AT&T reported a record number of iPhone activations— 5.2 million — blowing past Wall Street estimates. This is one of the last quarters when AT&T will have exclusive access to Apple's iPhone, so all these new subscribers locking themselves in for a 2-year contract is a positive.

Earnings were right in line with projections — 55 cents per share excluding one-time items — while revenue bested expectations, growing 2.8% over last year to $31.58 billion.

So why is AT&T trading fractionally lower?

It's partly because of the long-anticipated loss of AT&T's exclusive with the iPhone. But it's also because of wireless service margins, which fell to 37.6 percent from 40.3 percent a year ago. This drop can be attributed to the fees AT&T pays Apple to keep the price of the iPhone down. And in the fourth quarter the company will feel more pressure on these margins because of expenses to integrate its recently-acquired Alltel customers.

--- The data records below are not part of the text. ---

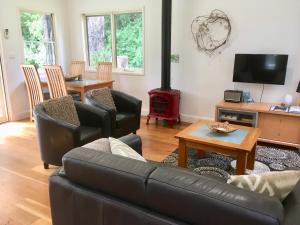 a living room with a couch and a fire place at Haven Villa in Berry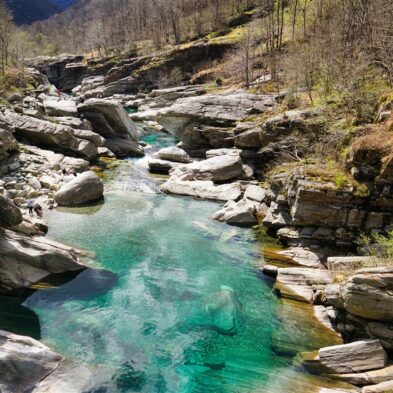 Crystal-clear alpine lake surrounded by towering mountain peaks and lush forests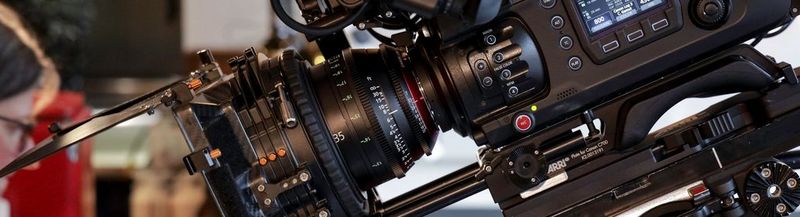 A Canon broadcast camera, poised for filming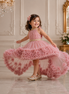 Young girl in a pink floral dress twirling in a grand room.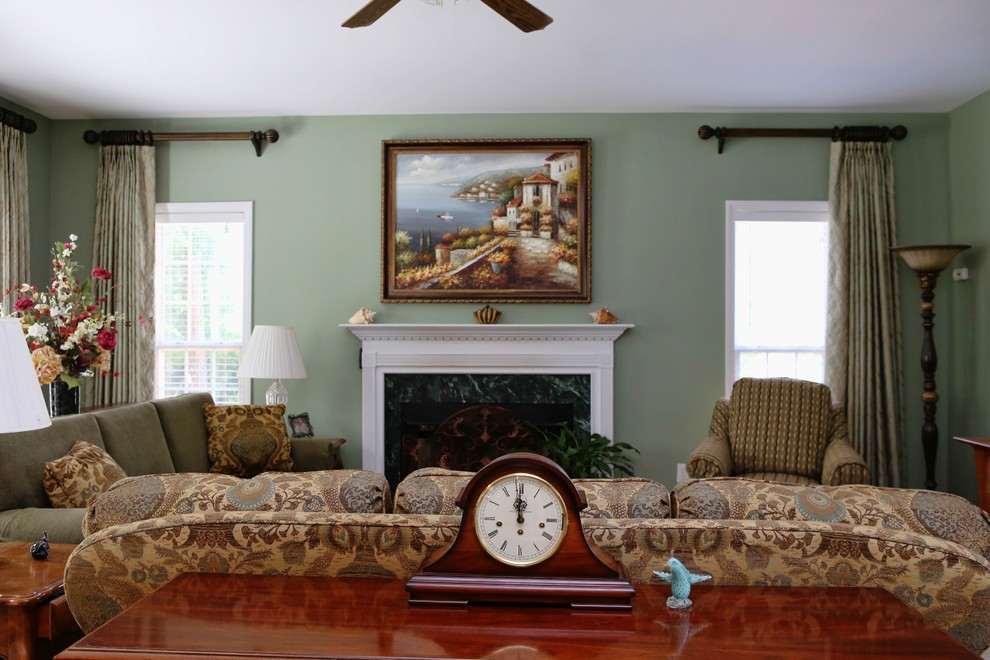 Exemple d'un salon chic de taille moyenne et ouvert avec un mur vert, une cheminée standard, un manteau de cheminée en bois, un téléviseur encastré, un sol en bois brun et un sol marron.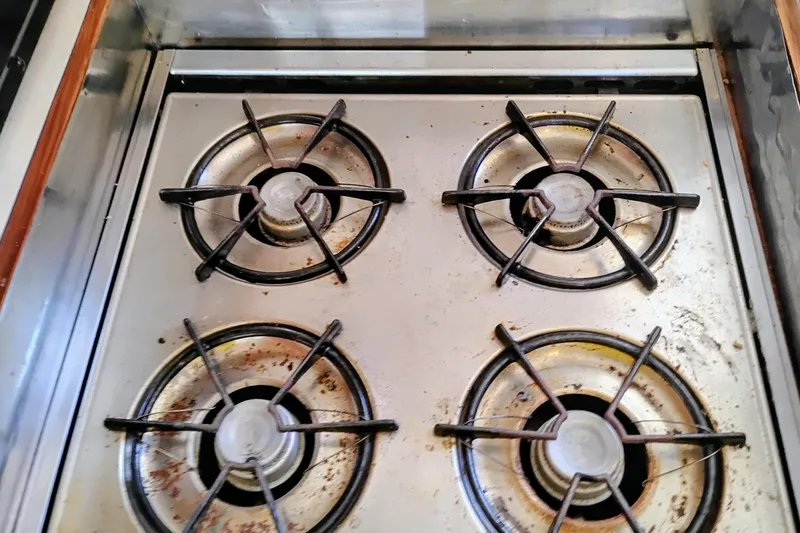 Slide: The Image of Four-burner stove on 1978 Puget 38 Europa Trawler, showing signs of use. - 35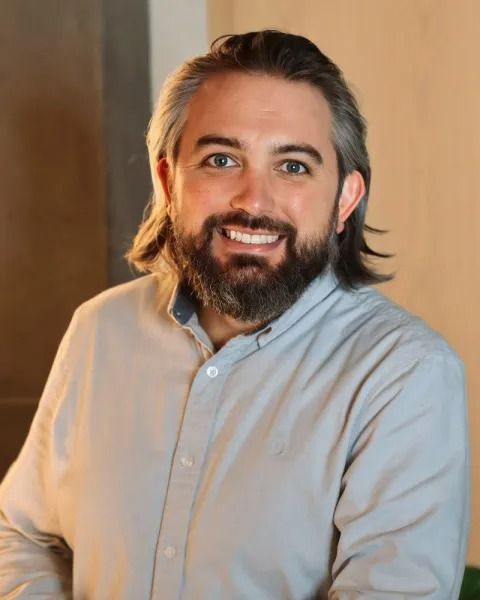 Man with beard smiles, wearing a gray button-down shirt.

To assuage these concerns AT&T's Chief Financial Officer Rick Lindner said he expects the company's wireless margins to rebound in the fourth quarter.

Even with the additional Alltel-related costs, he said on the earnings call that margins are still on track to continue. And while the company's business revenues declined 3.9 percent in the quarter, the company says this business is stabilizing.

In the wireline business, Lindner says service margins should fall, but that will be a result of seasonal trends. CEO Ralph De La Vega says that transitioning the wireline business from being about voice customers, to its U-verse TV service is going "very well," and that they expect those businesses to get more efficient.

De La Vega expressed confidence about growth in both iPhone and Droid customers, waxing on about the fast pace of innovation in the space. He's certainly far more confident than many Wall Street analysts, who expect AT&T to rapidly lose ground to Verizon as soon as it starts selling the iPhone. The question for investors is whether the impact of that long-awaited change is already priced into both stocks.